Try it -
Your output should be the lines below from the one holding "Antonio e Carmela Palummo" through the one holding "Smartwatch Mibro Lite", transcribed exactly, with no pictures.

Source records -

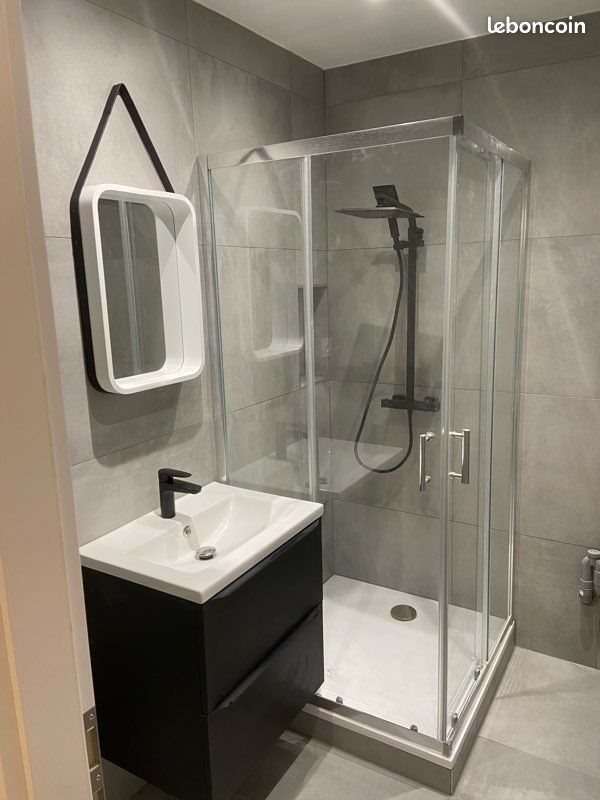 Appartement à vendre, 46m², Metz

---

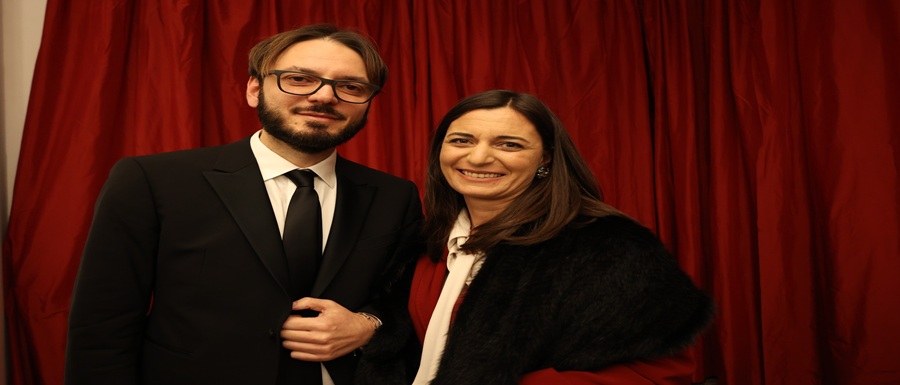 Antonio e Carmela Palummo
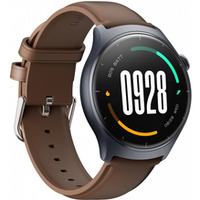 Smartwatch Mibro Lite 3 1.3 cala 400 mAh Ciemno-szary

Solution -
 Antonio e Carmela Palummo
 Smartwatch Mibro Lite 3 1.3 cala 400 mAh Ciemno-szary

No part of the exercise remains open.